There may be programming quirks or bugs that turn anything into anything. I won't touch those, but rather address the fundamentals of your question.
Color format
Common rgb formats ("sRGB") represent each pixel with either 24 bits (8 bits each for "red, "green" and "blue") or 32 bits (8 additional bits for an alpha channel that is irrelevant here). They are related to the physics of light using electro-optic functions and spectral sensitivity that may differ from format to format but is easily forgotten when working with transmission/storage-focused software.
NV12 represents rgb after applying a 3x3 matrix turning it into luma ("y"), blue difference chroma ("Cb" or "U") and red difference chroma ("Cr" or "V").
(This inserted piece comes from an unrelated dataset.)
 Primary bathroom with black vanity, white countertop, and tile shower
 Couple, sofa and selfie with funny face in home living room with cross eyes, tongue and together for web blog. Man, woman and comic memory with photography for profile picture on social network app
Referring to "Digital video and HDTV algorithms and interfaces" (Poynton, 2003) p.p. 285:
"There are about 2.75 million valid codewords in 8-bit Y'CbCr, compared to 10.6 million in 8-bit studio R'G'B'. If R'G'B is transcoded to Y'CbCr, then transcoded back to R'G'B', the resulting R'G'B' cannot have any more than 2.75 million colors."
(The author uses prime (') for gamma-encoded video (what is most common), and "studio" referring to limited range numbers (16...235 rather than 0...255) which is the norm in television systems but uncommon in computers)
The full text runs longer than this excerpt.